Package boundary discipline. In a monorepo, it is tempting to import anything from anywhere. We enforce boundaries with ESLint rules that block deep imports into package internals and restrict cross-package imports to public APIs only.

For the hands-on implementation details — workspace layout, Turborepo configuration, caching setup, and CI optimization — see Setting Up a TypeScript Monorepo with Turborepo That Actually Scales.

When NOT to Use a TypeScript Monorepo

This approach has worked well for our team of 15 engineers. It does not work for everyone.

Teams larger than ~30 engineers. At that size, build times become a real problem even with aggressive caching. Ownership boundaries get fuzzy — who approves changes to the shared package that 8 teams depend on? You start needing CODEOWNERS files, merge queues, and build partitioning that erode the simplicity advantage.

Performance-critical services that need Go, Rust, or C++. If your video encoding pipeline or ML inference server needs to run at maximum performance, TypeScript is the wrong tool. We keep these workloads as separate services that communicate over well-defined APIs. The monorepo contains the TypeScript ecosystem; it does not try to contain everything.

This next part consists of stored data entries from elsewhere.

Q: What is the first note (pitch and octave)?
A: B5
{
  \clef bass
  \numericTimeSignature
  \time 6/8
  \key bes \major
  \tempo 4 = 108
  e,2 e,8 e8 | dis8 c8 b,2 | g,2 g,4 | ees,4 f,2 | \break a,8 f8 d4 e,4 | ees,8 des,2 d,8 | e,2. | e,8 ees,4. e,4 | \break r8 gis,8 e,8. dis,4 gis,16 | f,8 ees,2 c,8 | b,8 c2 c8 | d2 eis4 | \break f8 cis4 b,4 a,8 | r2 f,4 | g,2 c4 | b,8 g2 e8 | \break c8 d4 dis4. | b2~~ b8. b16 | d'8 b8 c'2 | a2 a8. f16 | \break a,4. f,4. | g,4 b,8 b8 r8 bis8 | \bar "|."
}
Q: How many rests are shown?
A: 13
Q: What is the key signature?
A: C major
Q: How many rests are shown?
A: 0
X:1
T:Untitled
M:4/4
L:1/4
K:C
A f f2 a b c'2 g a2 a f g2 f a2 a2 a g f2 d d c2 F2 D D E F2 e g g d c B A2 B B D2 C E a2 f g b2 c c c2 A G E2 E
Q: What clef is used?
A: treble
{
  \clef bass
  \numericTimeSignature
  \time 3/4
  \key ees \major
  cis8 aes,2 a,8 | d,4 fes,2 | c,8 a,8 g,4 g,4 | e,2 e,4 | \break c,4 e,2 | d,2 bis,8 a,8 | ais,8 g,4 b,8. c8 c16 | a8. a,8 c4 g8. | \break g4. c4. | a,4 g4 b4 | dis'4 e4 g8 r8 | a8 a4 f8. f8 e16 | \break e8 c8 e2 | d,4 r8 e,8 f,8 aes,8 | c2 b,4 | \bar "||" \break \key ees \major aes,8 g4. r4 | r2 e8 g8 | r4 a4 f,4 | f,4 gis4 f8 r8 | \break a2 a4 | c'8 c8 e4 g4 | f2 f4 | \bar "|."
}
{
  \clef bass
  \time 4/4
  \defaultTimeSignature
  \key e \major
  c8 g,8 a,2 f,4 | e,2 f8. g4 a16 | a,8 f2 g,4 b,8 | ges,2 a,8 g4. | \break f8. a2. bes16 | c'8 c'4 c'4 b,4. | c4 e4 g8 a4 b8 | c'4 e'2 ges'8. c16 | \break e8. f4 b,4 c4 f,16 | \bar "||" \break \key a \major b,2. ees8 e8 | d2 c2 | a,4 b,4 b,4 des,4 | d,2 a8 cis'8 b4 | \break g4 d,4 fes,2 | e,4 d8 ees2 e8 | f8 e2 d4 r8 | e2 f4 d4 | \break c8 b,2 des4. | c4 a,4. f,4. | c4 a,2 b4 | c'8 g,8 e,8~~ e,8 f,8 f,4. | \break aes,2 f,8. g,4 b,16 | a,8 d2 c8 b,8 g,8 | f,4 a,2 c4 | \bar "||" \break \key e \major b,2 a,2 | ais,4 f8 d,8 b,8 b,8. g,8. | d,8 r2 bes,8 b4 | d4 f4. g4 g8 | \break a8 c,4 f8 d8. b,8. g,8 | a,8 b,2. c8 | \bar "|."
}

When services genuinely do not share code. If your frontend and backend have zero shared types, zero shared validation logic, and zero shared configuration, the monorepo adds tooling complexity for no benefit. This is rare in practice — most teams share at least API types and error codes — but it does happen.

When services have fundamentally different deploy cadences. If your frontend deploys 10 times a day but your backend deploys once a week, a monorepo forces you to either decouple deploys within the monorepo (which adds complexity) or slow down the frontend to match the backend. We deploy all services on the same cadence, so this is not an issue for us. If your teams operate more independently, separate repos with a shared types package (and rigorous CI checks on type compatibility) might be the better trade-off.

The Bottom Line

The monorepo did not make us faster because of any single feature. It made us faster because it eliminated an entire category of bugs (type drift), an entire category of coordination overhead (multi-repo deploys), and an entire category of onboarding friction (multi-repo setup). For a startup where every engineer touches every part of the stack, those savings compound into weeks of recovered productivity per quarter.

If your team is under 20 engineers and your stack is primarily TypeScript, this is the right default. You can always extract a service into its own repo later if you need to. Going the other direction — from multi-repo to monorepo — is much more painful. We know from experience.